WORK ORDER =
Set down all of the data exactly. Pictures stay out of the copy.

★ ★ ★ ★ ★ ★ ★

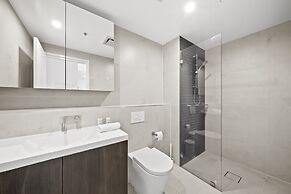 Refined 2-bed With Luxurious Building Amenities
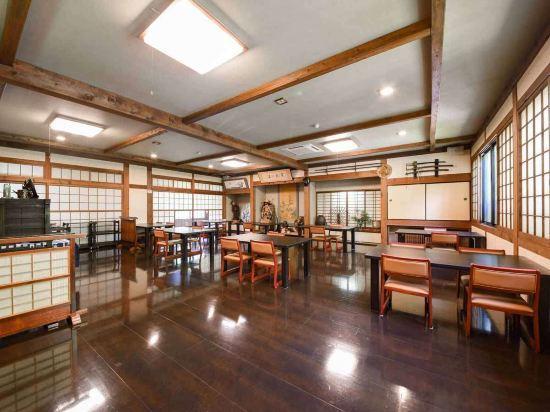 Shirataki Hotel 36/39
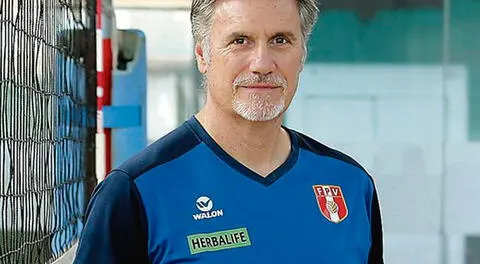 Francisco Hervás continuará al mando de la selección peruana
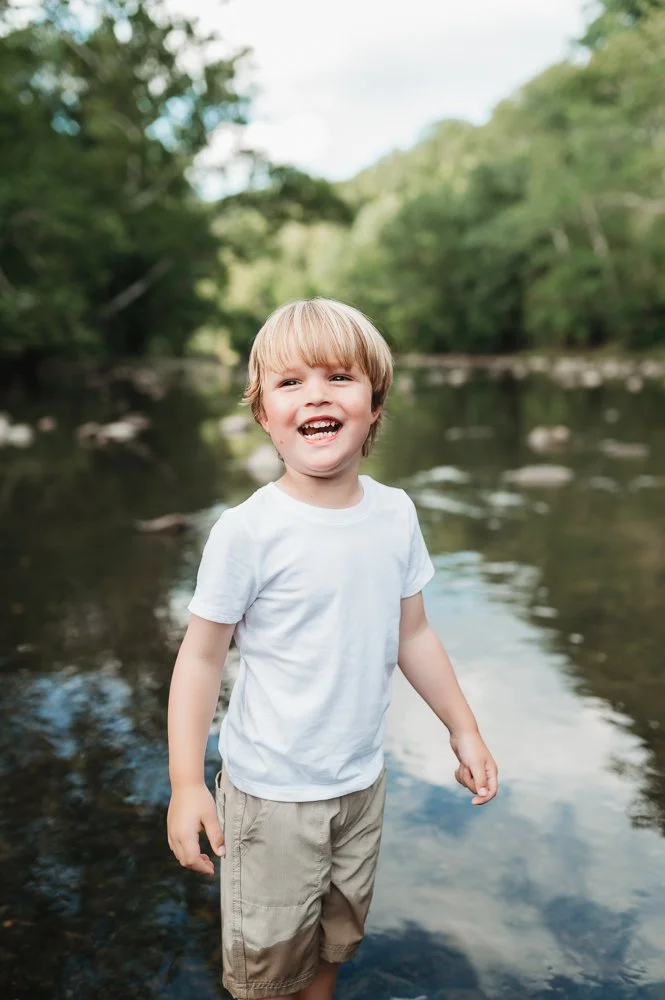 Natural Family Photography in Columbus Ohio | Creek Minis
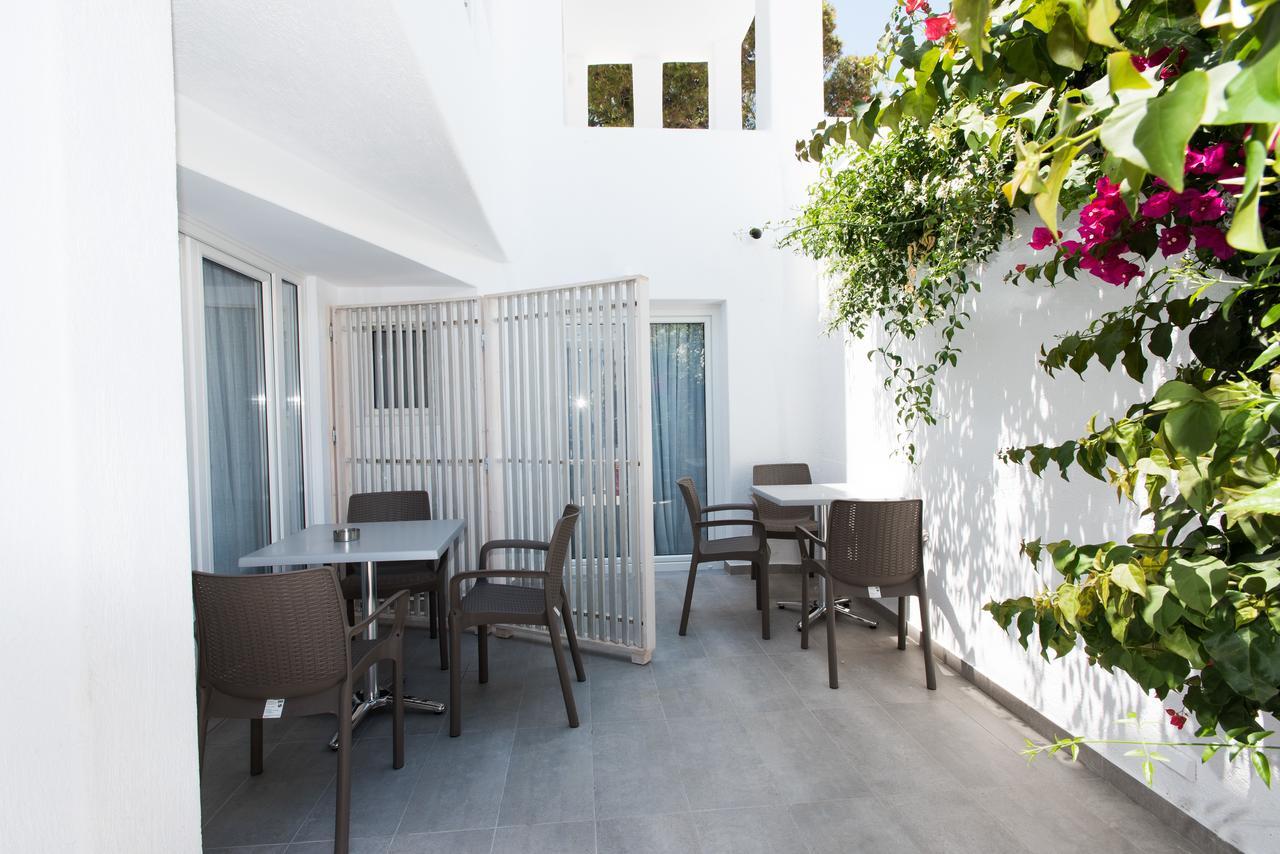 Mina Aparthotel 3*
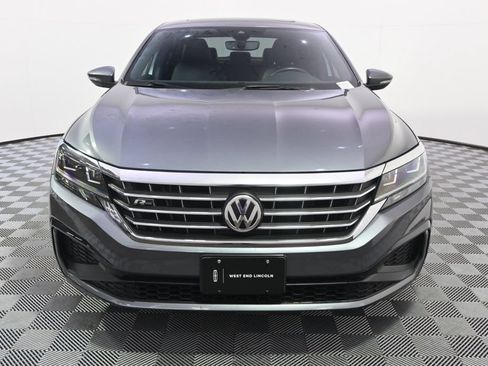 Used 2021 Volkswagen Passat 2.0T R-Line FWD image 10
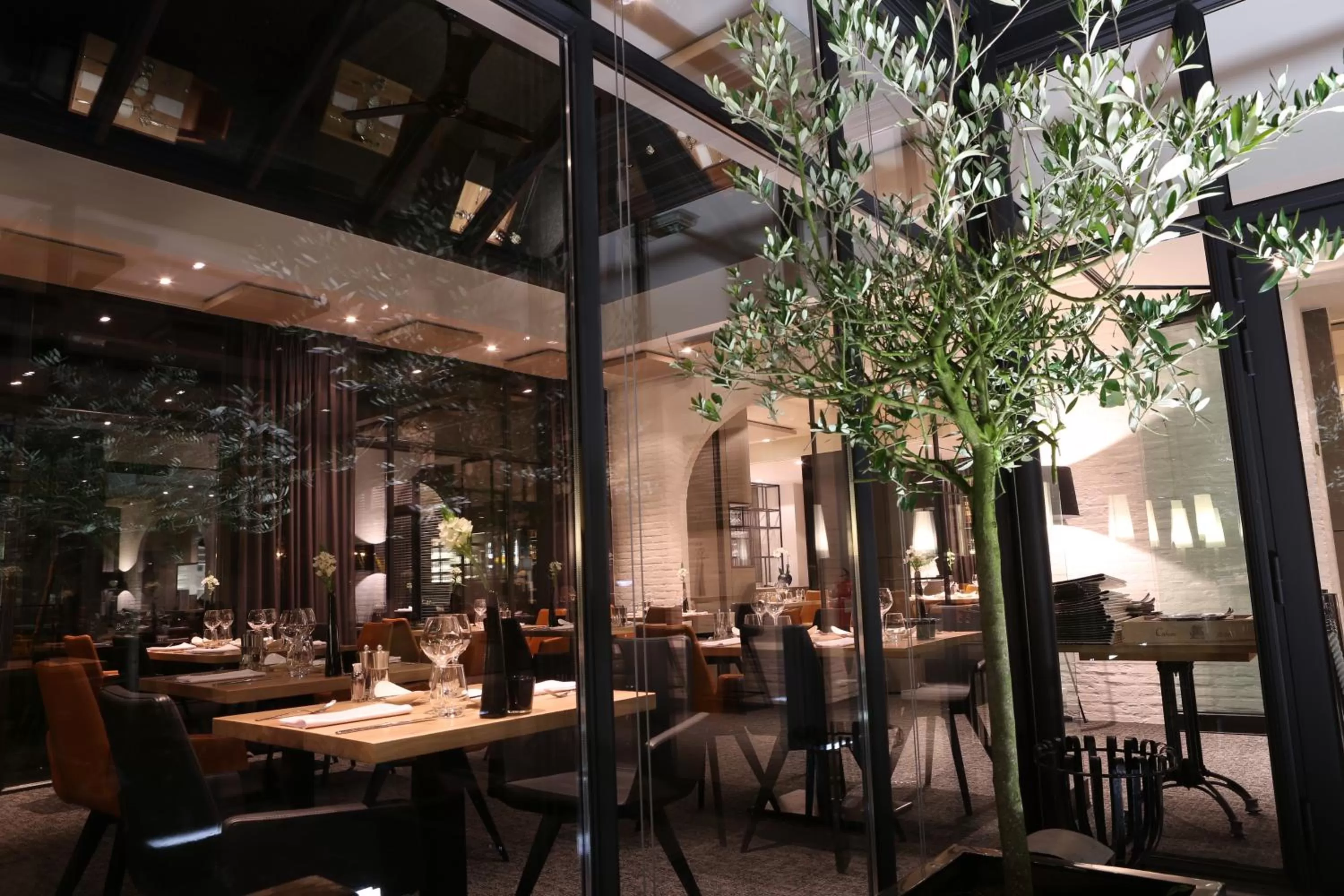 Restaurant/places to eat in Ariane Hotel
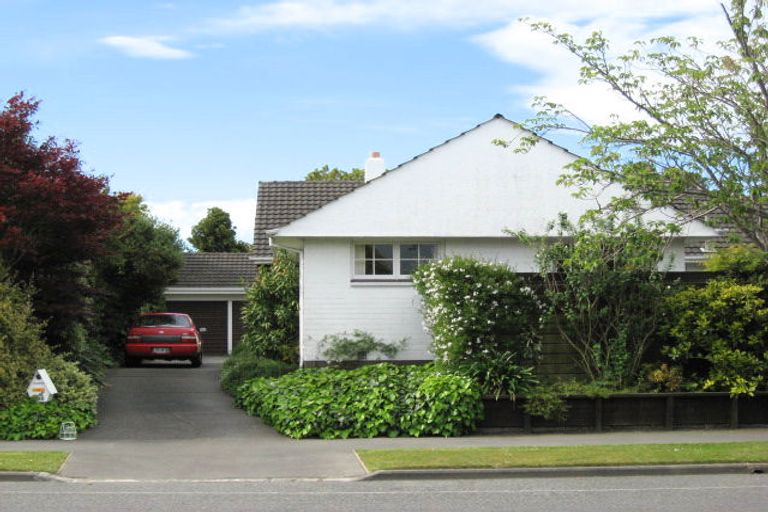 Photo of property in 186 Maidstone Road, Avonhead, Christchurch, 8042
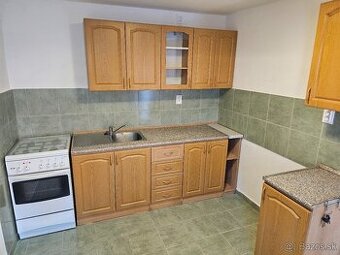 prenajmem Byt v centre Fiľakova veľký 2 izbový so záhradou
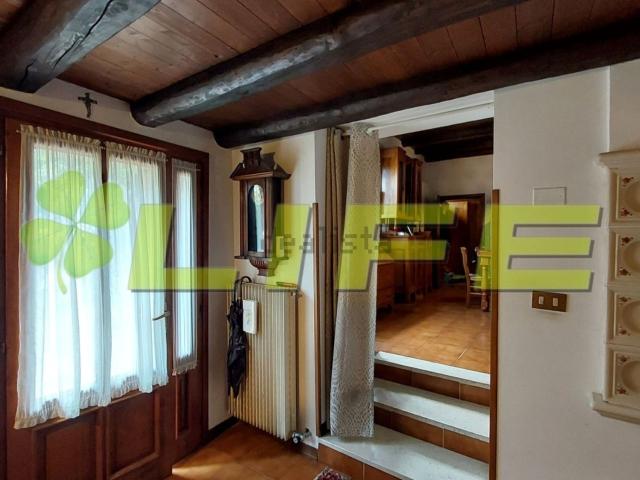 Villetta indipendente in vendita di 155 m² in Piazza XIII Martiri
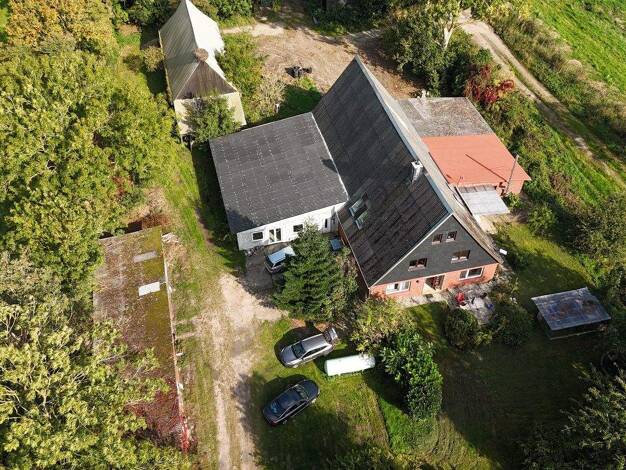 Einfamilienhaus zum Kauf 249.000 € 9 Zimmer 198 m² 5.000 m² Grundstück Altendorf Osten 21756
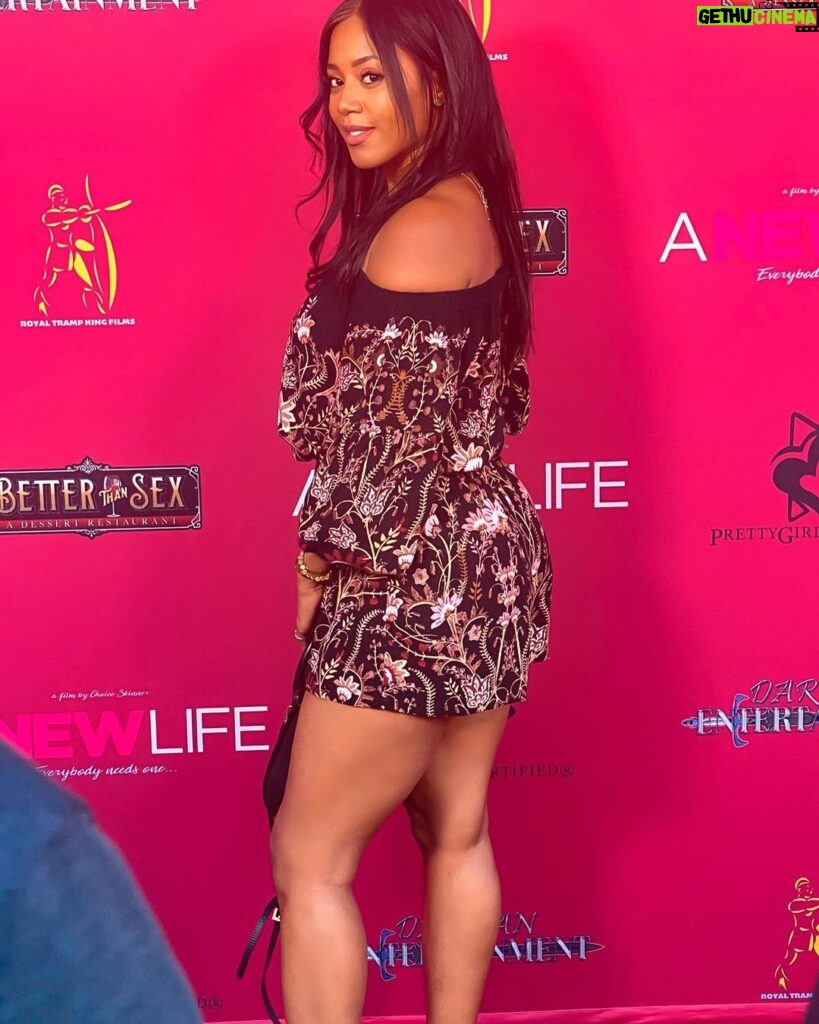 Stephanie Charles Instagram - At the “A New Life” premiere. Keep being great guys 👏🏾👏🏾👏🏾 @darkan2000 @_jchrisrouse @daffmc29 @joanmoten @iamdannyroyce @sirrah_jay @_janessamorgan And to every single person involved in this project 👏🏾👏🏾 #stephaniecharles #anactorsjourney #bts #anewlifemovie #tylerperrystudios #blackishabc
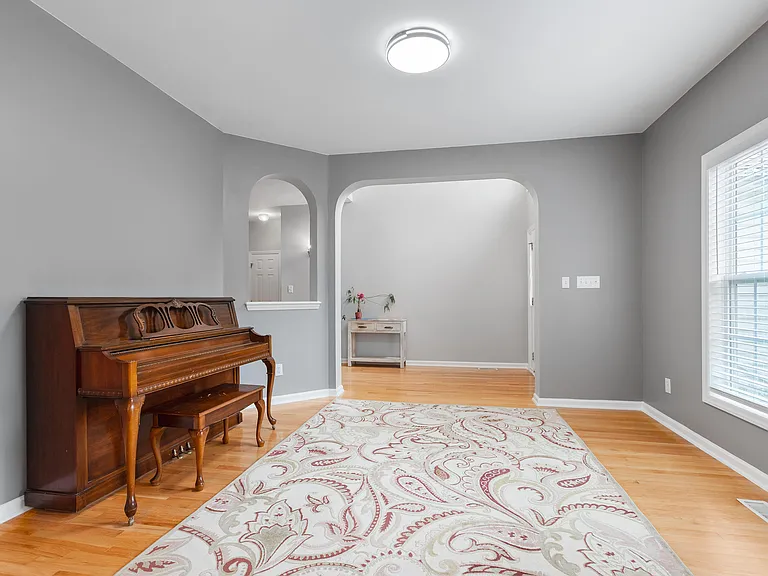 610 Park York Ln — Photo 3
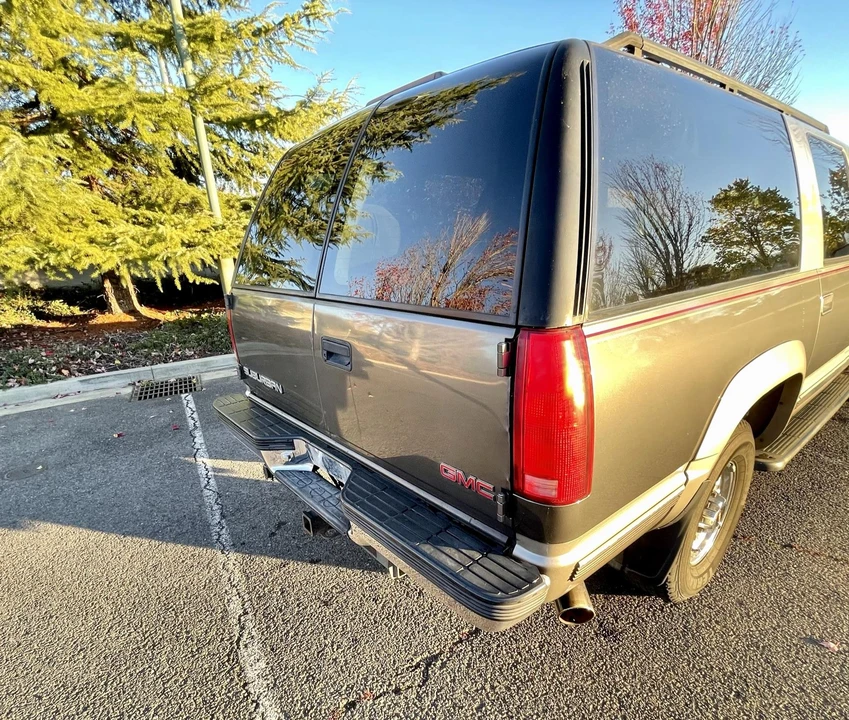 1999 GMC Suburban 8th Gen - Image 22 of 31
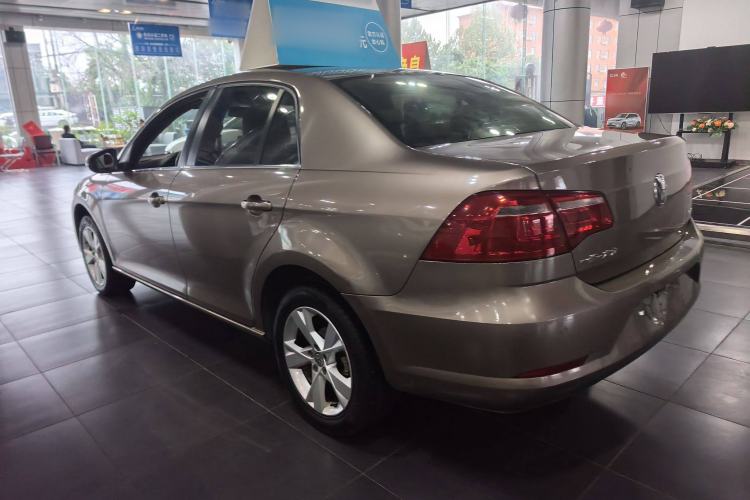 Used Volkswagen Bora 2015 Value Edition 1.6L Automatic Comfort Version Exterior 4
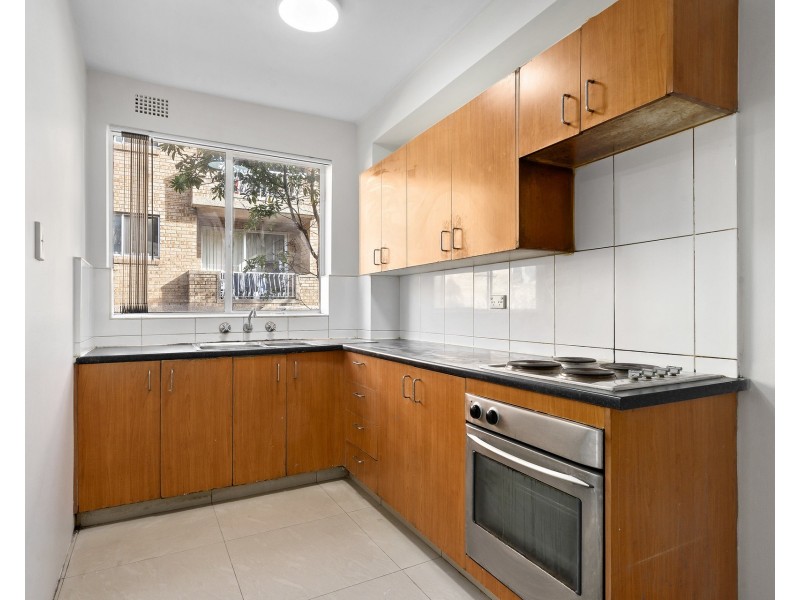 8/52 Weston Street, Harris Park NSW 2150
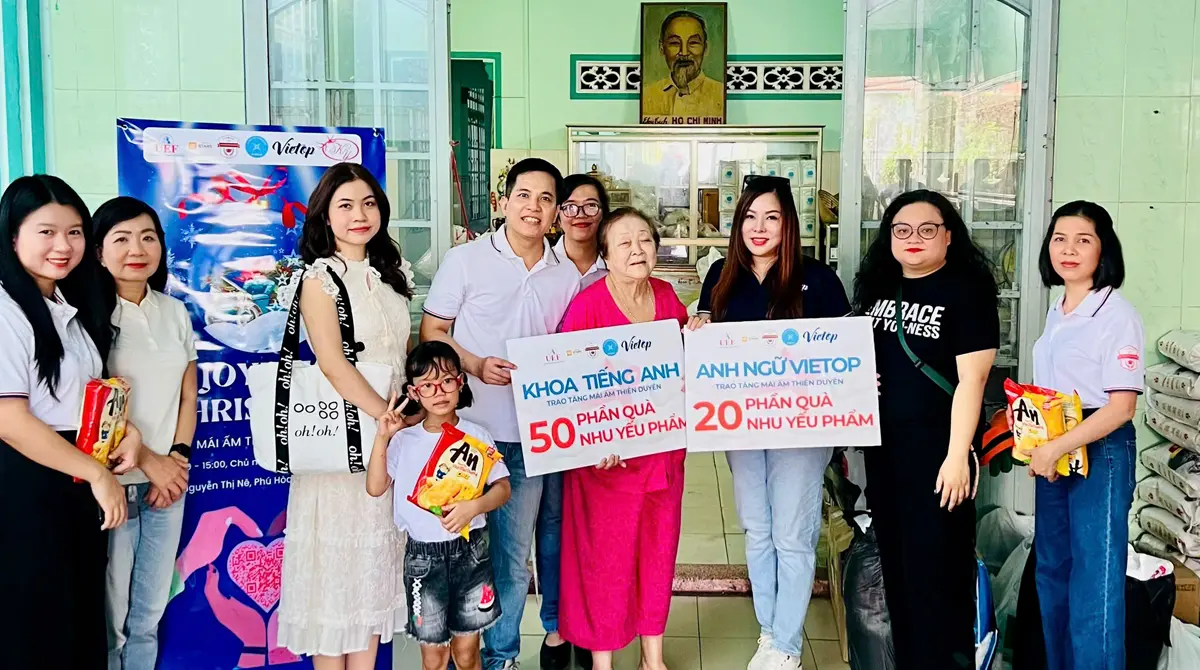 Vietop trao quà tại Mái ấm Thiện Duyên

★ ★ ★ ★ ★ ★ ★

RESULT FOR THIS TASK =
 Refined 2-bed With Luxurious Building Amenities
 Shirataki Hotel 36/39
 Francisco Hervás continuará al mando de la selección peruana
 Natural Family Photography in Columbus Ohio | Creek Minis
 Mina Aparthotel 3*
 Used 2021 Volkswagen Passat 2.0T R-Line FWD image 10
 Restaurant/places to eat in Ariane Hotel
 Photo of property in 186 Maidstone Road, Avonhead, Christchurch, 8042
 prenajmem Byt v centre Fiľakova veľký 2 izbový so záhradou
 Villetta indipendente in vendita di 155 m² in Piazza XIII Martiri
 Einfamilienhaus zum Kauf 249.000 € 9 Zimmer 198 m² 5.000 m² Grundstück Altendorf Osten 21756
 Stephanie Charles Instagram - At the “A New Life” premiere. Keep being great guys 👏🏾👏🏾👏🏾 @darkan2000 @_jchrisrouse @daffmc29 @joanmoten @iamdannyroyce @sirrah_jay @_janessamorgan And to every single person involved in this project 👏🏾👏🏾 #stephaniecharles #anactorsjourney #bts #anewlifemovie #tylerperrystudios #blackishabc
 610 Park York Ln — Photo 3
 1999 GMC Suburban 8th Gen - Image 22 of 31
 Used Volkswagen Bora 2015 Value Edition 1.6L Automatic Comfort Version Exterior 4
 8/52 Weston Street, Harris Park NSW 2150
 Vietop trao quà tại Mái ấm Thiện Duyên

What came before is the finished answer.